### Data below
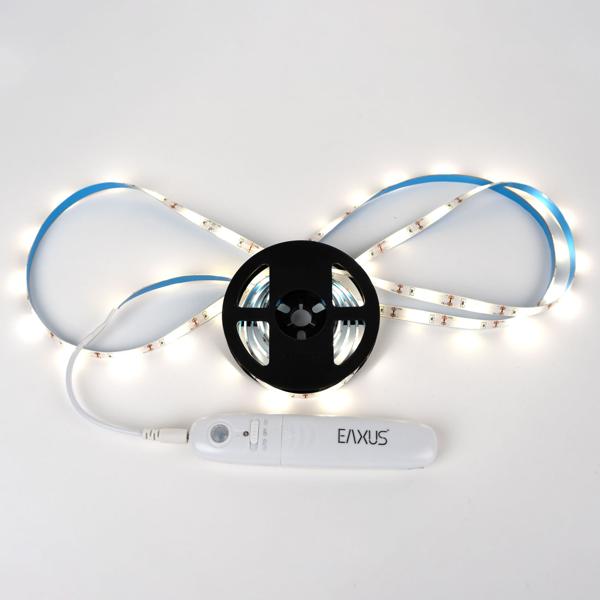 LED-Streifen mit Bewegungsmelder – 3m, 90 warmweisse LEDs – energiesparend, selbstklebend & vielseitig einsetzbar – für Schrank, Treppe & Schlafzimmer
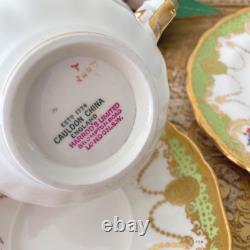 Antique Cauldon teacup trio, handpainted flowers, ornate gilding, green & gold B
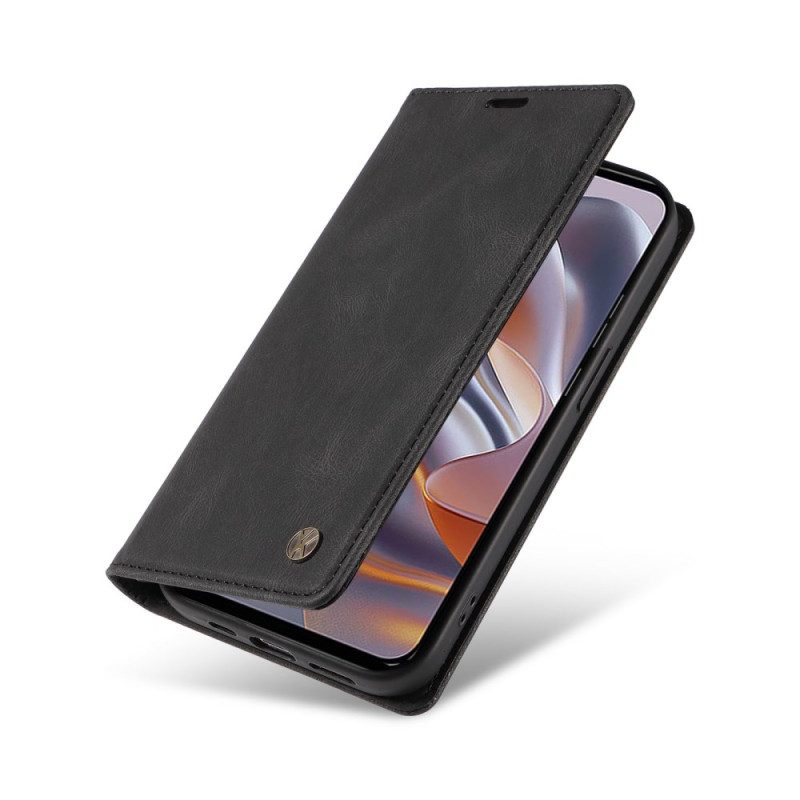 Flip Case Motorola Edge 50 Neo Yikatu Wildledereffekt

### Problem description
Here the job is to print the data above exactly, except for any pictures.

### Response area
 LED-Streifen mit Bewegungsmelder – 3m, 90 warmweisse LEDs – energiesparend, selbstklebend & vielseitig einsetzbar – für Schrank, Treppe & Schlafzimmer
 Antique Cauldon teacup trio, handpainted flowers, ornate gilding, green & gold B
 Flip Case Motorola Edge 50 Neo Yikatu Wildledereffekt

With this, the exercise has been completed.